Provided data:
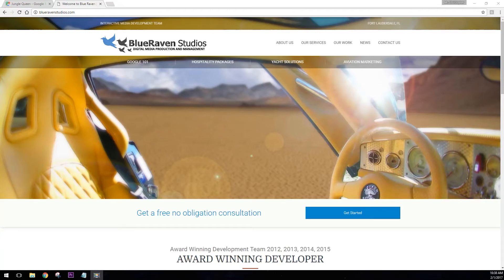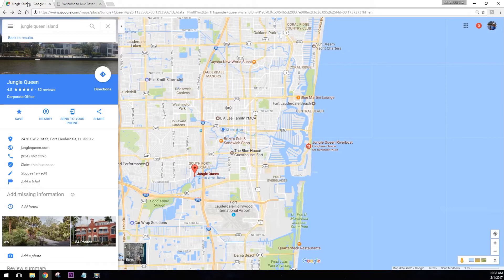Hi, this is Chris with BlueRavenStudios.com, and I made a helpful little video here to help out and show people how to make an edit to Google Maps. And it's super simple. The one we're going to do today is for Jungle Queen, which is one of our favorite tour boats here in the beautiful city of Fort Lauderdale.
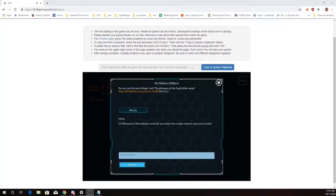This is Martin Carlisle with Mr. Robots from Pico CTF 2018. Do you see the same things I see? The glimpses of the flag hidden away? Here's a link.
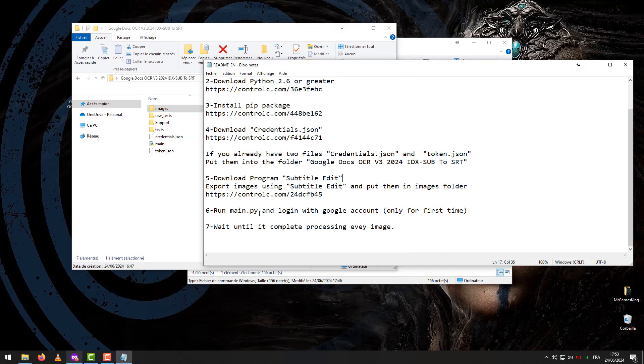Step 6 – Run Main.py and log in with Google Account only for first time, if you don't have a file token JSON.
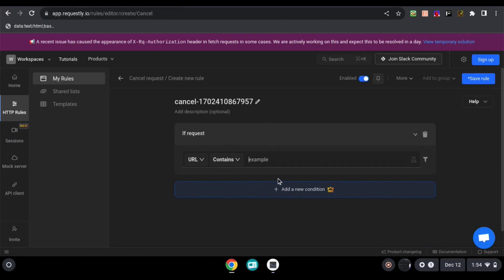Here, enter https colon slash slash blocked.goguardian.com. Then, click save rule.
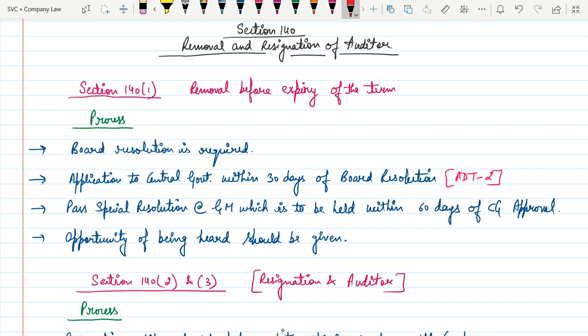Hello everyone, this is Ashishan. This is another video on the chapter Audit and Auditor. In the last video I discussed in brief the entire Section 139, which talks about the appointment of auditors. Now in this video we will discuss Section 140, which talks about the removal and resignation of auditors.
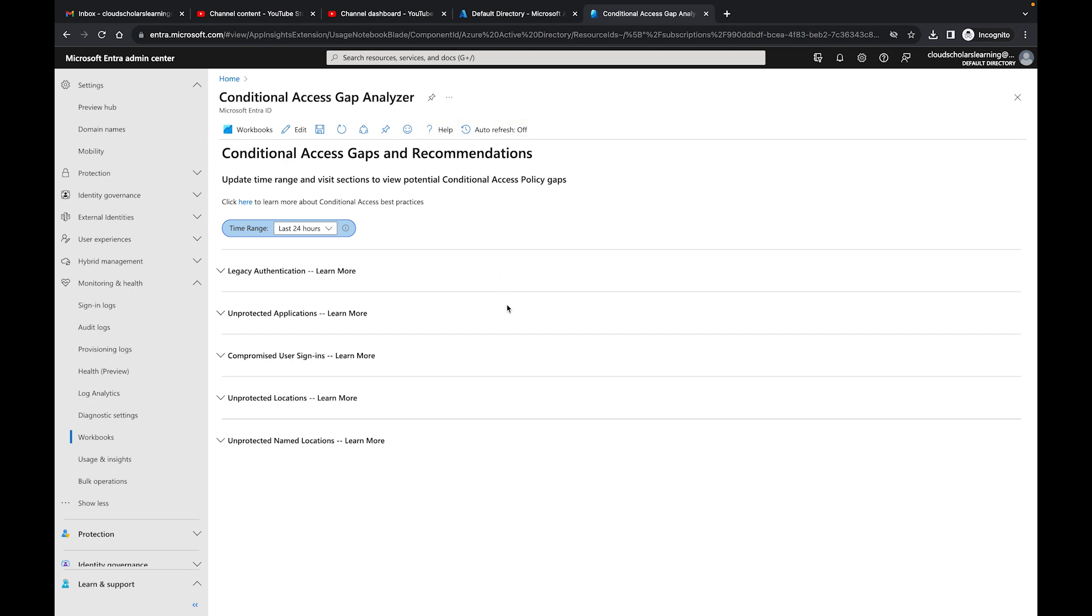This last one right here is just kind of showing you what Conditional Access gap analyzer can do. It's really five main parts: Legacy Authentication, how's that looking in your environment; Unprotected Applications, how's that looking in your environment; Compromised User Sign-ins; Unprotected Locations; and Unprotected Named Locations.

Work required: If pictures appear in the data, do not print them; repeat the rest exactly.

Output:
Hi, this is Chris with BlueRavenStudios.com, and I made a helpful little video here to help out and show people how to make an edit to Google Maps. And it's super simple. The one we're going to do today is for Jungle Queen, which is one of our favorite tour boats here in the beautiful city of Fort Lauderdale.
This is Martin Carlisle with Mr. Robots from Pico CTF 2018. Do you see the same things I see? The glimpses of the flag hidden away? Here's a link.
Step 6 – Run Main.py and log in with Google Account only for first time, if you don't have a file token JSON.
Here, enter https colon slash slash blocked.goguardian.com. Then, click save rule.
Hello everyone, this is Ashishan. This is another video on the chapter Audit and Auditor. In the last video I discussed in brief the entire Section 139, which talks about the appointment of auditors. Now in this video we will discuss Section 140, which talks about the removal and resignation of auditors.
This last one right here is just kind of showing you what Conditional Access gap analyzer can do. It's really five main parts: Legacy Authentication, how's that looking in your environment; Unprotected Applications, how's that looking in your environment; Compromised User Sign-ins; Unprotected Locations; and Unprotected Named Locations.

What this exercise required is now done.